Automatic HTTP Basic Authentication with mod_proxy

Let's say you need to access a resource that's protected by HTTP Basic authentication but the system you're using doesn't support it.

Like, say, Google Calendar. >:| Google Calendar can subscribe to outside ical feeds, but not ones that are protected with a username and password. You might want to set up a limited user in your calendar server to add events to a Google Calendar, but if you don't want to open that up to the whole world, you're kinda stuck. Fortunately Google does now support accessing ical feeds over HTTPS, so it's only Google you need to worry about. Anyway, this is a general solution, so that's the last we need to mention Google Calendar.

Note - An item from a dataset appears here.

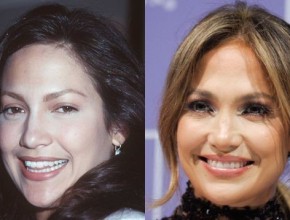 Jennifer Lopez before and after plastic surgery 01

You can use Apache's mod_proxy, mod_rewrite, mod_setenvif, and mod_headers to make this happen by proxying the access for the remote service. First create a random URL. Longer will be better if you want to make it hard to guess. uuidgen output is sufficient for normal situations. Then create a config in Apache, whereever your server definition is. It'll look something like this:


RewriteEngine On
SSLProxyEngine on</p>

RewriteCond %{REQUEST_URI} ^/34506a81-1a6d-4596-beaf-580da9c98cca$
SetEnvIf REQUEST_URI "/34506a81-1a6d-4596-beaf-580da9c98cca" DOAUTH
RequestHeader set Authorization "Basic dXNlcjpwYXNzd29yZA==" env=DOAUTH
RewriteRule /34506a81-1a6d-4596-beaf-580da9c98cca https://www.example.com/my/path [P,L]
ProxyPassReverse /34506a81-1a6d-4596-beaf-580da9c98cca https://www.example.com/my/path
</code>

Breaking it down:


RewriteEngine On
SSLProxyEngine on

Here we turn on the rewrite engine and also the ability to proxy to https resources.


RewriteCond %{REQUEST_URI} ^/34506a81-1a6d-4596-beaf-580da9c98cca$

Here we check if this is the resource we're concerning ourselves with. If you're going to have a bunch of these, by all means setup a RewriteMap file to keep your config file sane. This is is simplified for the sake of illustration


SetEnvIf REQUEST_URI "/34506a81-1a6d-4596-beaf-580da9c98cca" DOAUTH

Now we're checking again, this time with the intent of setting an environment variable so we can pass state along to the next rule. If you're using a map, this might be NOAUTH= something.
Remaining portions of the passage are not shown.